Murdoch was on a panel with Indian mogul Ratan Tata and Mexican billionaire and future New York Times owner Carlos Slim. The question that elicited Murdoch's bizarre reference to New York Gov. David Paterson was clearly directed at Fox News: "How do we bring more civil discourse to the discussion, and stop appealing to the populists on the right and the left?"

One way would be to not pay people millions of dollars to pursue bizarre conspiracy theories and call the first black president a racist—but that's not the Murdoch way! No, Murdoch's slurred, barely coherent answer blamed politicians, including Paterson, who, it's important to note, is "blind, and can't read braille, and doesn't know what's going on." And therefore is responsible for the lack of civil discourse in our political conversation. Class act. Good thing Murdoch has leftie liaison Gary Ginsberg at hand to smooth this over for him.

We're just going to throw this out there: Rupert Murdoch is not well. This senseless gaffe, on top of his strange and uncomprehending assertion last week that Barack Obama is indeed a racist just like Glenn Beck said and that no one at Fox News has ever compared Obama to Stalin when they obviously do on a nearly nightly basis, make him seem strange and muddled. He's getting old, and it's showing.

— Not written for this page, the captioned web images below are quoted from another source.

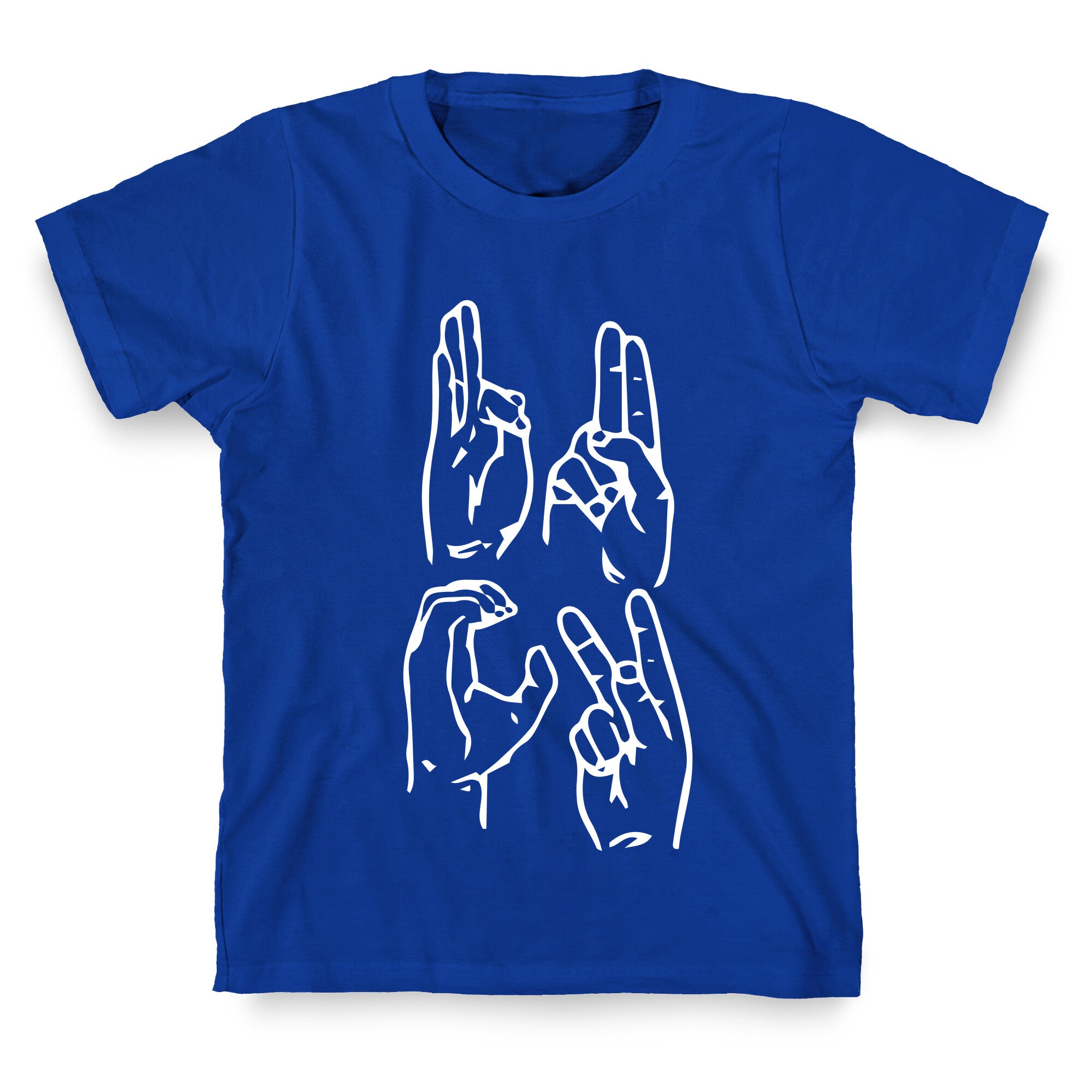 Sign Language F.U.C.K. T-Shirt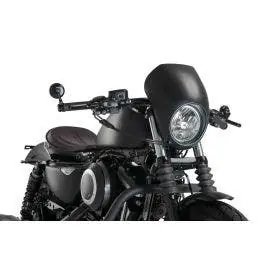Buy Online Custom Acces Free Spirit Semi-Fairing Matte Black Harley Sportster XL 883N 09-Up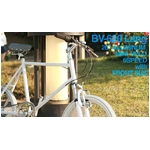 WACHSEN（ヴァクセン） 自転車 Lang（ラング） 20インチ サス付きアルミミベロ 6段変速 ブルーグレー+ダイナモライト+ワイヤーロック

The conference had another highlight—Slim's defensive and belittling discussion of his minority stake in the New York Times. Asked why he loaned a quarter of a billion dollars to the struggling paper, Slim responded with a casual, "Why not?" before nearly interrupting the panel's moderator to point out that on top of a 14% interest rate, he'd received warrants in the deal. Asked to elaborate on the value of media investments, Slim started with, "I think the New York Times will pay. It was credit, with a high yield, and warrants." How reassuring. Slim did offer a perfunctory defense of the Times as a business, calling it one of the best newspapers in the world. Then he offered to lend money to the Wall Street Journal at 12%, two points better than he gave to the Times.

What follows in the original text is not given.